Author: David Robertson
Publisher: The University of Alabama Press
02/20/2012 As North Alabamians, especially, know, William Christopher Handy was born in the small Tennessee River town of Florence, Alabama, "eight years after the surrender" as Handy's mother and father liked to put it: that is, in 1873.
David Robertson, an Anniston native, alumnus of Birmingham-Southern College, and the author of three previous biographies, describes Florence in that era as mostly small-acreage farms and small independent merchants who had had little need for slaves.
In Lauderdale County the black population by percentage was 38.7 as compared with some Black Belt counties where it was often 75 percent.
After The Reconstruction ended, Jim Crow ruled here too but with perhaps less ferocity, although Robertson recounts that at different times both of Handy's grandfathers had been shot by white men for two very different reasons—one during the Civil War for not telling renegades where his master's money was hidden and one for trying to organize a slave revolt.
Handy fell in love with music early: gospels at church, folk and work songs, and especially the local black brass band.
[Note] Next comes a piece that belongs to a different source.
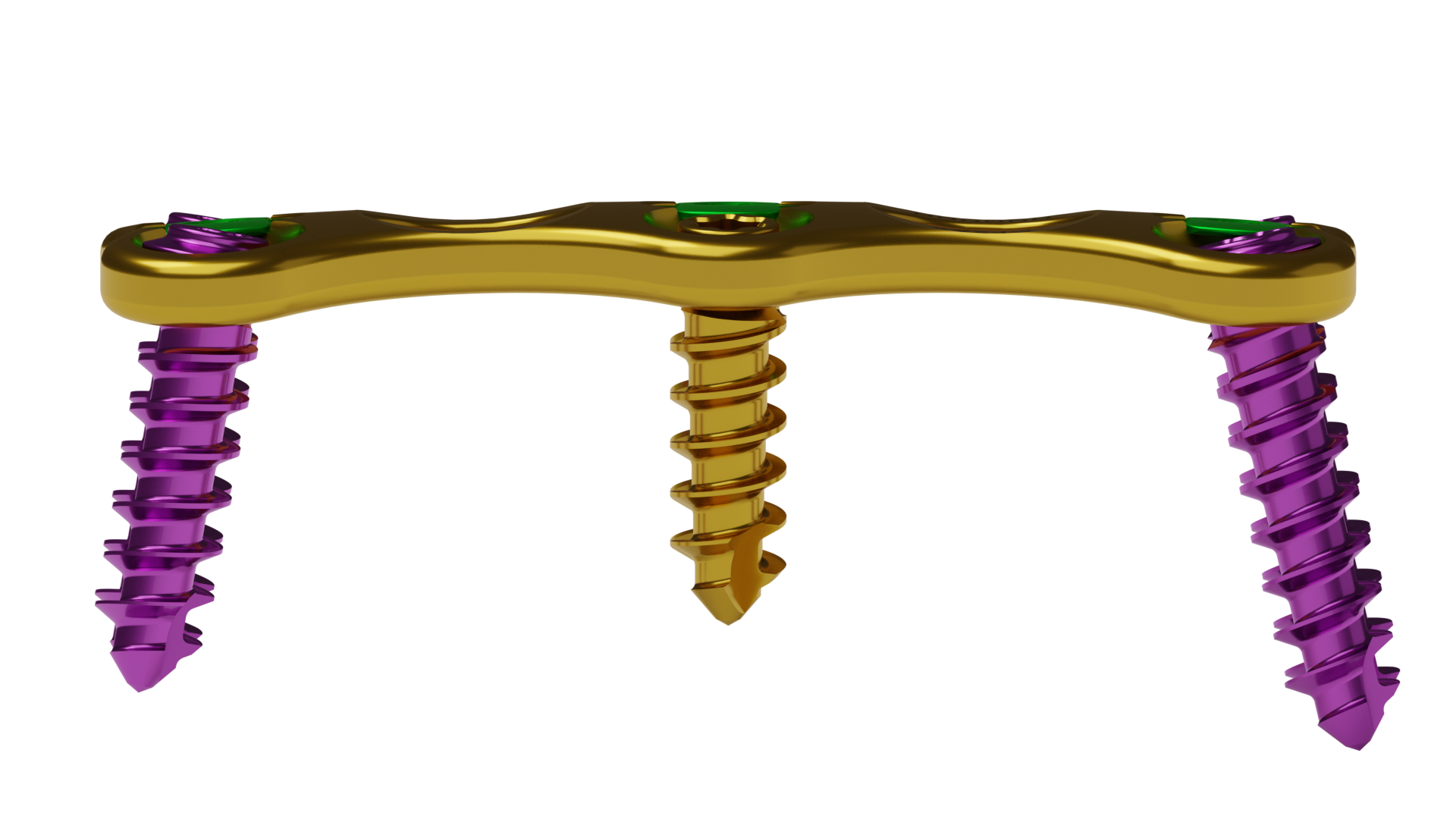Side View of Cervical Plate Cervical plate with narrow body and slender look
He learned to play the cornet first and determined to earn his living with music. His father, a preacher, was not pleased.
"Son" he said, "I'd rather see you in a hearse. I'd rather follow you to the graveyard than to hear that you had become a musician." And Handy's teacher at school backed this up: "What can music do but bring you to the gutter?"
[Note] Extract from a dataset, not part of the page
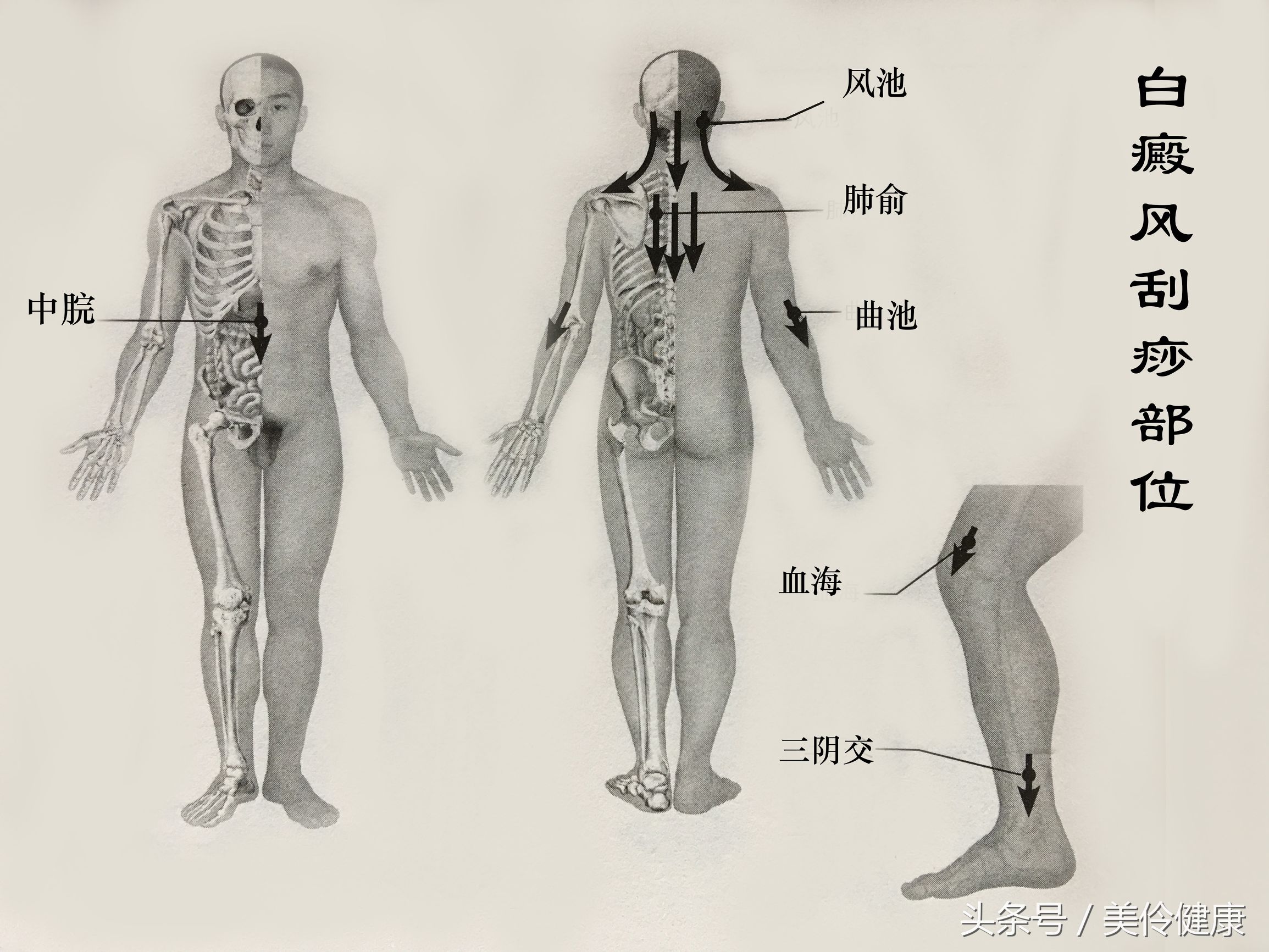白癜风治疗的刮痧法,刮痧刺血治疗白癜风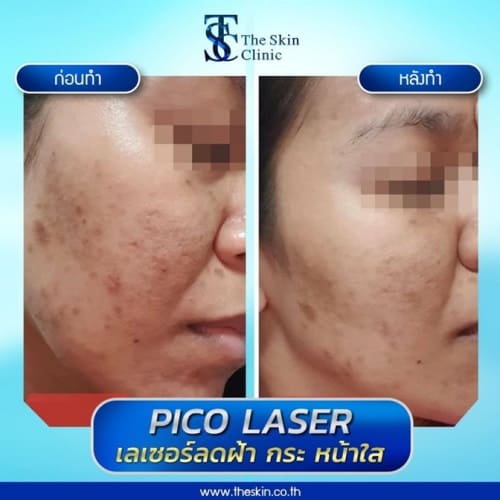The Skin Clinic คลินิกเลเซอร์ฝ้ากระ - 2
Nevertheless, Handy persevered and, restless after high school graduation, started moving around—to Birmingham, Bessemer, Chicago, Evansville, Indiana and Cairo, Illinois.
For a while life was really hard; indeed Handy was for stretches hungry and homeless, but he found steady work in the mildly disreputable minstrel business. There was a small salary and three meals a day.
Robertson explains a good deal about minstrelsy, most of it new to me. Many blacks thought it a shameful racial slur; others enjoyed the racially satiric and subversive elements in it. During its heyday, there were white minstrels, white minstrels in blackface, black minstrels and even black minstrels in blackface. The routines were highly structured and choreographed, as formally as a three-act play.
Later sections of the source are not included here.